How bad have things gotten? On the heels of a 31-point loss to the Cavs, the Knicks came out and destroyed the Pistons 124-103. After the game, Mike D'Antoni, who's been at the helm the last two years as the Knicks have shamelessly tossed aside the present for a mere chance that a superstar or two might be enticed into moving to New York this summer, turned his nose at Detroit's self-inflicted predicament:
The Pistons are the example the Knicks can't afford to follow. Detroit used the money it freed up in last season's franchise-altering, Chauncey Billups-Allen Iverson deal to sign Ben Gordon and Charlie Villanueva, good players who aren't even starters.

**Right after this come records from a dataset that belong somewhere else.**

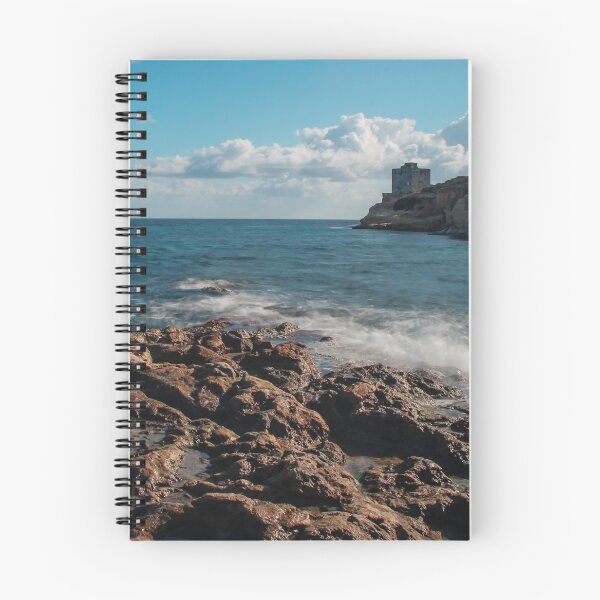 Item preview, Seaside Rocky Coastline With Historic Tower on Cliff Under Blue Sky and Clouds designed and sold by Nmallia.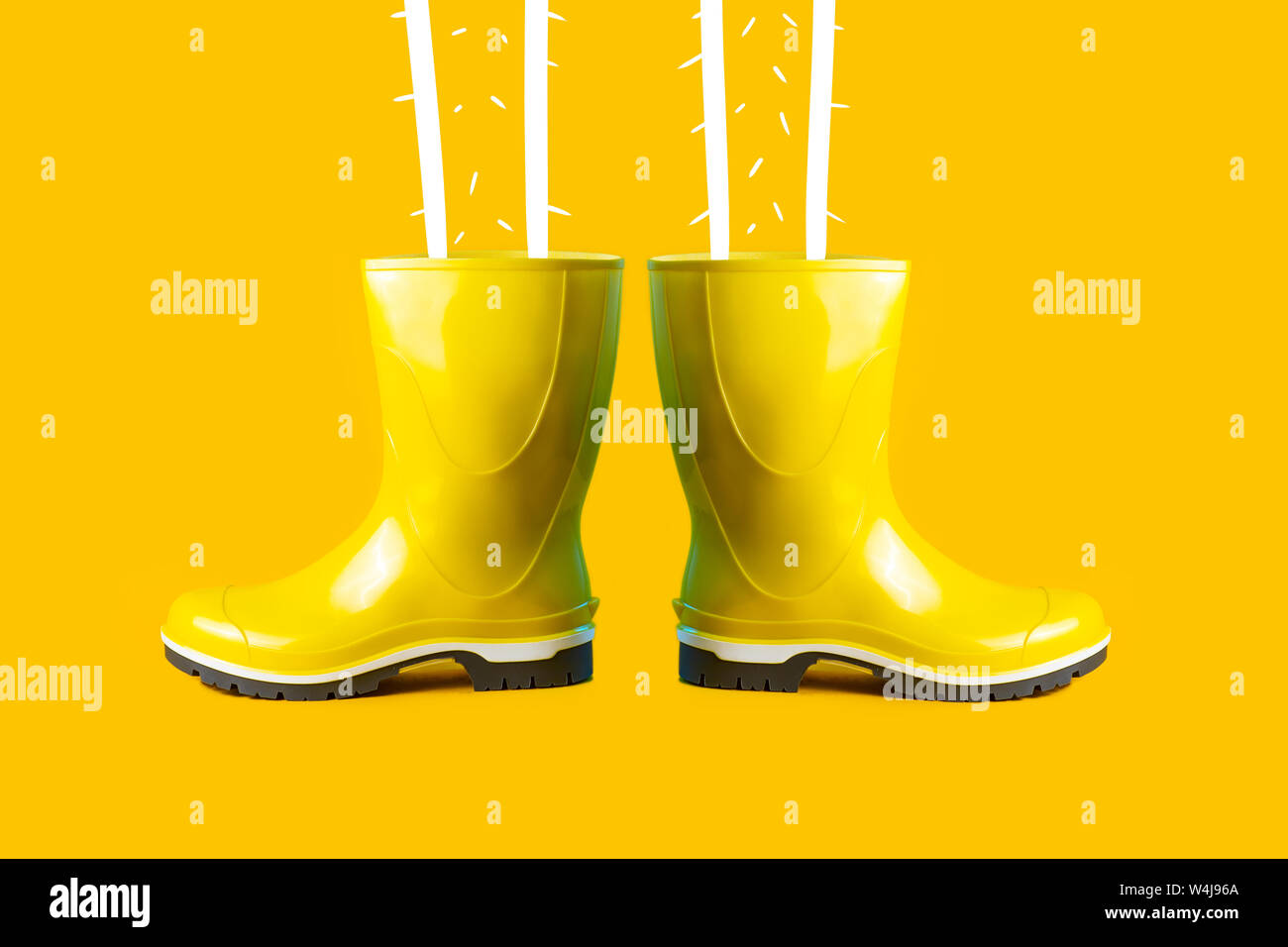 autumn composition of yellow rubber boots and feet on a yellow ...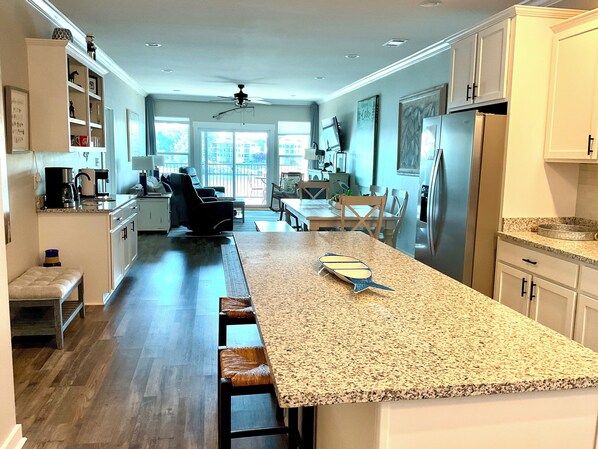 A modern kitchen with a granite countertop, stainless steel appliances, and a dining area with a view.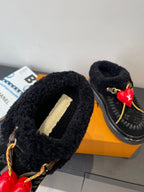 Black shearling upper detail with gold LV logo plaque and red heart charm
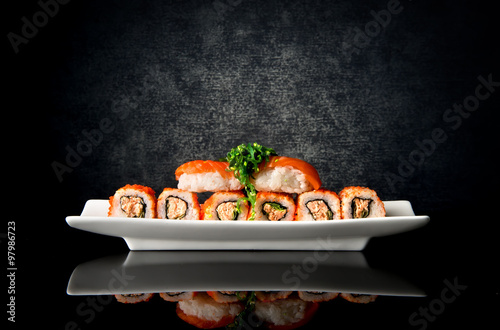Sushi and rolls in plate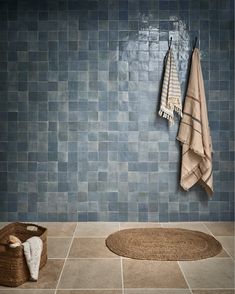towels hanging on the wall next to a basket and towel rack in a tiled bathroom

``I don't want to point them out, but we don't want to get stuck in mediocrity and we could have done that,'' D'Antoni said before the game. ``We could've put a Band-Aid on some holes and be more competitive and right now that seems like a good idea, even to me, because we have to go through this. But this summer would not have been a good idea.''
The true irony, of course, is that making moves last summer hasn't made the Pistons more competitive! After losing on Wednesday, the Pistons (21-40) are officially worse than the Knicks (21-39), who at least have a silver lining to their wretched season in the form of salary cap space.
Can New York entice LeBron James into leaving Cleveland? I personally doubt it, but it doesn't matter: even if LBJ stays in the rust belt, the Knicks will have more than enough dough to invest in true franchise building blocks.
The Pistons? I think DBB reader Bill Higgins summed it up best:
Do you guys realize we have FOUR MORE YEARS of Gordon/Villa to look forward to?
By the time those twin albatrosses are off the books, Sarah Palin could be president! Many single people on this board could be married with kids!
It’s bad, guys. I try and try to imagine how we might trade those guys, but I just can’t picture ANYONE absorbing them. Both players are so bad! And their contracts are even worse!
At this point I feel convinced that Arron Afflalo is a superior player to Gordon. It’s amazing but true: Afflalo is much bigger; he can defend; he can play within a system better; he controls the ball better and looks more mature and composed on the court. His shooting percentages are far superior too. I’m leaving out the fact that he is worlds, worlds less expensive. We gave him away for nothing!
It’s almost like Dumars did this on purpose, like when I used to play Sim City and everything was going so well that I got bored and set it so that Godzilla would show up and wreck my city. Except for Jerebko, every single decision Joe has made since the cataclysmic Chauncey trade has actively destroyed some valuable part of the team. (I don’t count re-signing Ben as a Dumars achievement because that was a 100% luck thing predicated solely on Ben’s deciding of his own accord that he wanted to return to the city and the fans that loved him.)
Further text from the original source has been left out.